» **Exercise requirements**
Could you retype all of the entries exactly, without their pictures?

Captioned web images
——
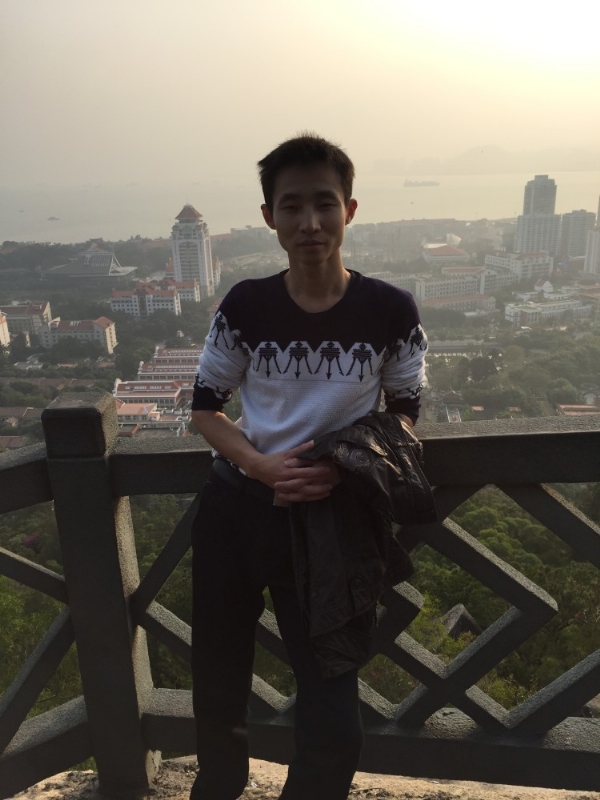 冬末花未眠的第一张照片--南安相亲网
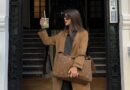 De Parfois a Zara: dónde comprar la tendencia del bolso XL que llevan todas las influencers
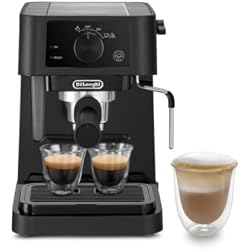 Amazon.co.jp: DeLonghi(デロンギ) エスプレッソメーカー スティローザ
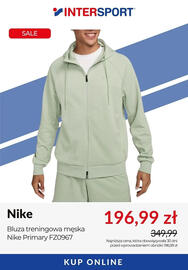 Intersport gazetka Strona 11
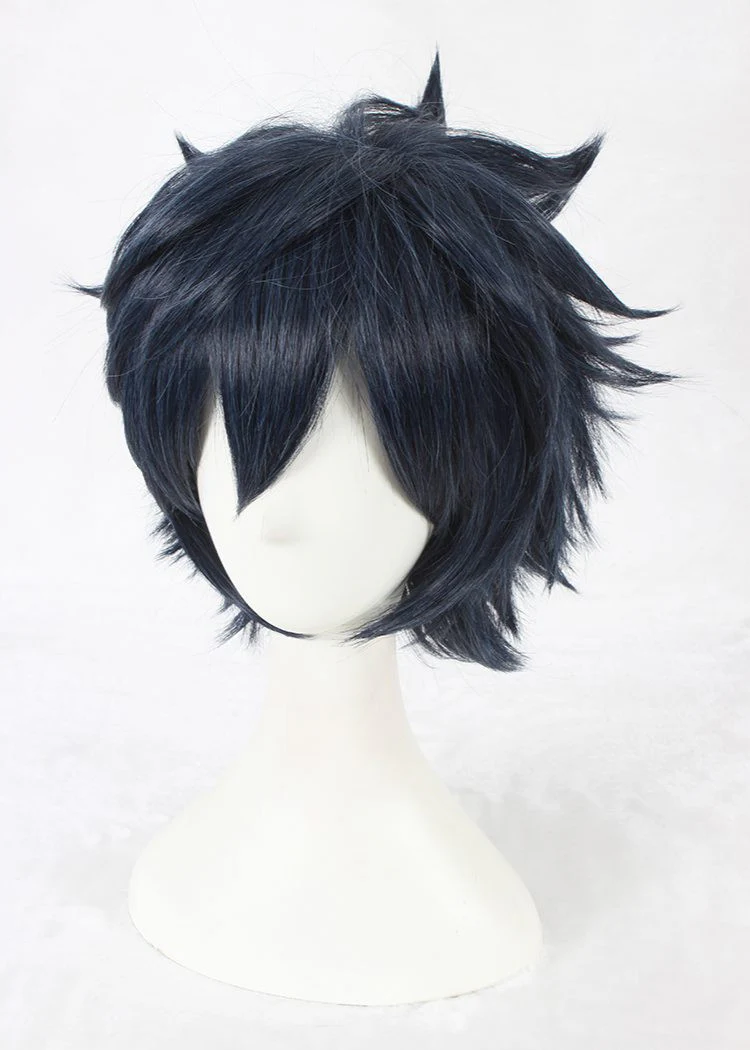 Cosplay Wig - CS 326B - Image 2
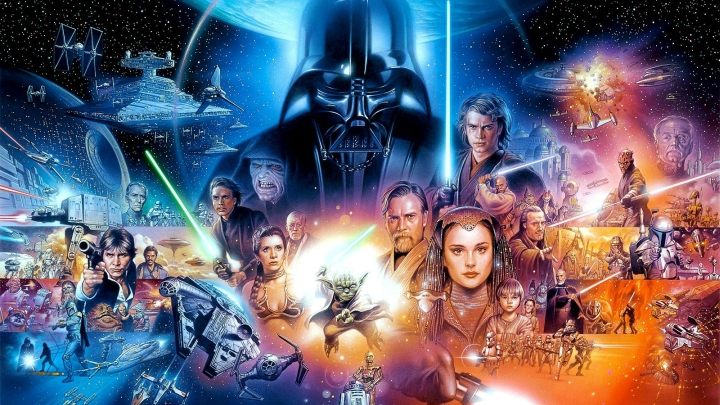 Rodzina filmowych Gwiezdnych wojen rozszerza się w ekspresowym tempie. - Twórcy Gry o tron stworzą piątą serię Star Wars - wiadomość - 2018-02-07
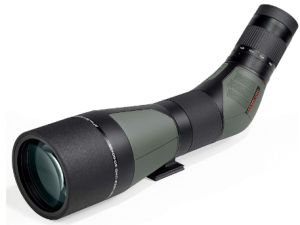 Athlon Optics Ares G2 20-60x85 UHD Spotting Scope
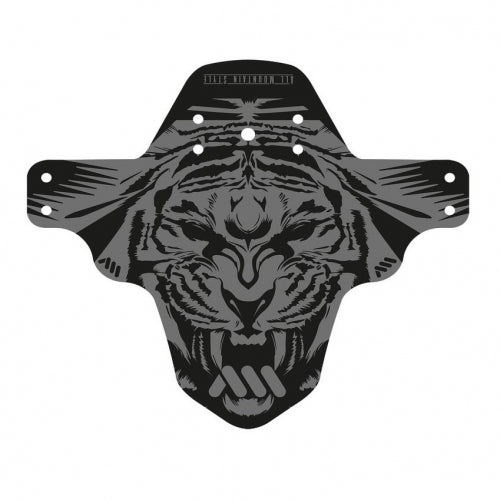 TIGER MUD GUARD - ALL MOUNTAIN STYLE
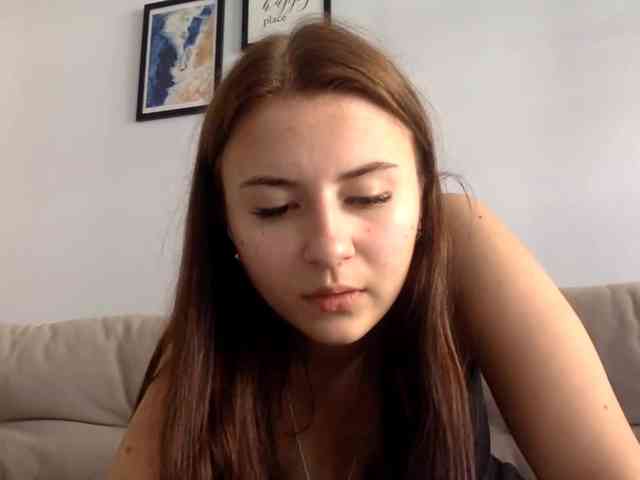 JeannaMullinax Live Webcam on BongaCams
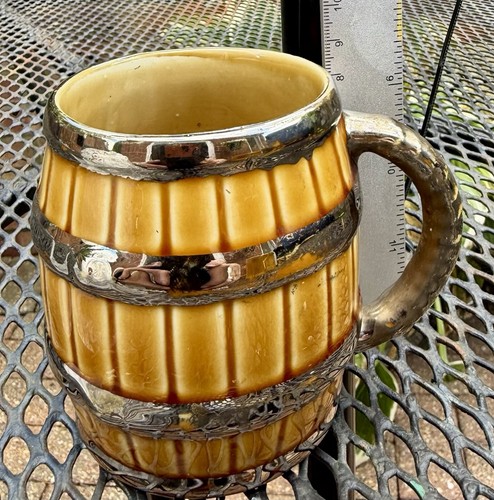 Vintage wade england barrel - vintage,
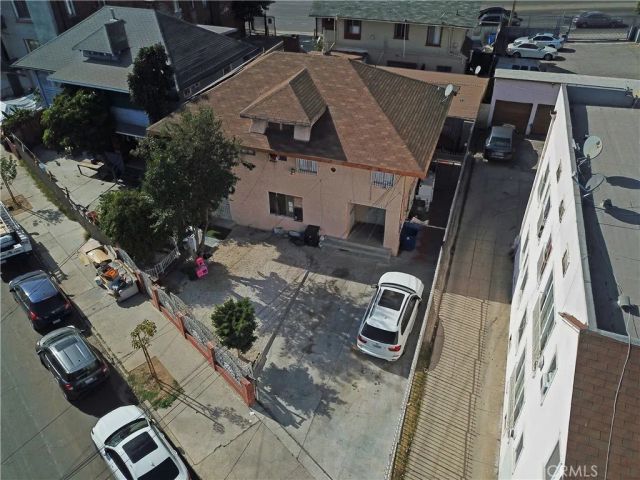 1421 Courtland Avenue, Los Angeles, CA 90006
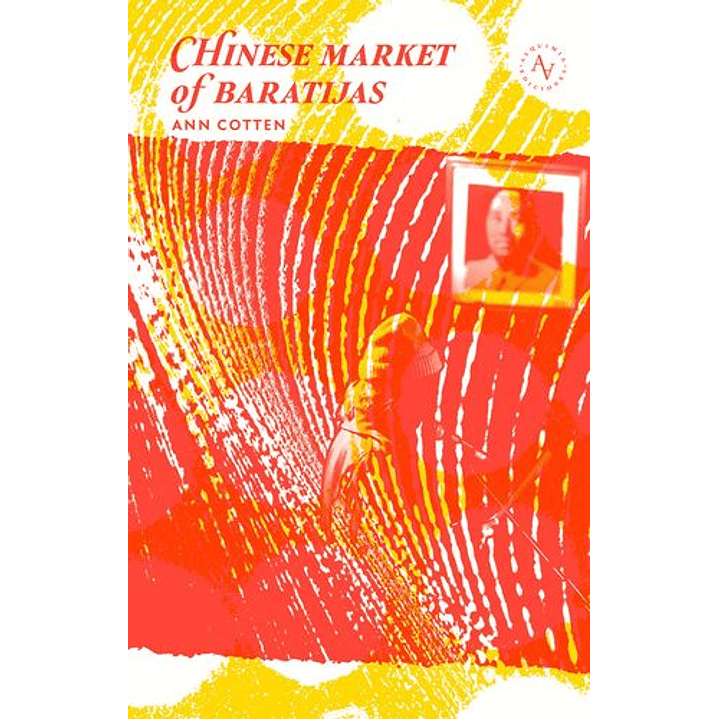 Chinese Market Of Baratijas 1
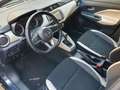 Nissan Micra N-Connecta**Kamera*Navi*BT*Sitzhzg** Grau - thumbnail 10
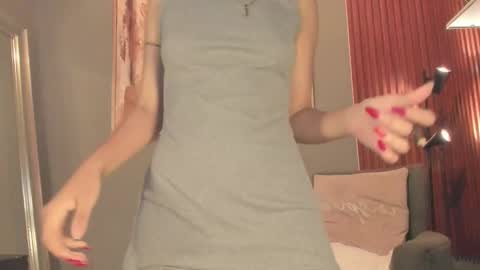 Cintia online show from March 27, 11:21 am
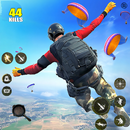 突擊隊 離線遊戲 APK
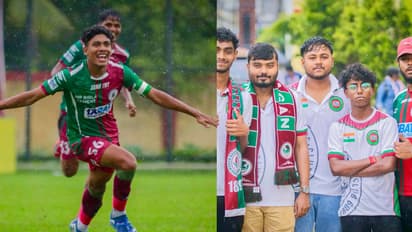 Mohun Bagan CFL 2025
——
» **Answer to the exercise**
 冬末花未眠的第一张照片--南安相亲网
 De Parfois a Zara: dónde comprar la tendencia del bolso XL que llevan todas las influencers
 Amazon.co.jp: DeLonghi(デロンギ) エスプレッソメーカー スティローザ
 Intersport gazetka Strona 11
 Cosplay Wig - CS 326B - Image 2
 Rodzina filmowych Gwiezdnych wojen rozszerza się w ekspresowym tempie. - Twórcy Gry o tron stworzą piątą serię Star Wars - wiadomość - 2018-02-07
 Athlon Optics Ares G2 20-60x85 UHD Spotting Scope
 TIGER MUD GUARD - ALL MOUNTAIN STYLE
 JeannaMullinax Live Webcam on BongaCams
 Vintage wade england barrel - vintage,
 1421 Courtland Avenue, Los Angeles, CA 90006
 Chinese Market Of Baratijas 1
 Nissan Micra N-Connecta**Kamera*Navi*BT*Sitzhzg** Grau - thumbnail 10
 Cintia online show from March 27, 11:21 am
 突擊隊 離線遊戲 APK
 Mohun Bagan CFL 2025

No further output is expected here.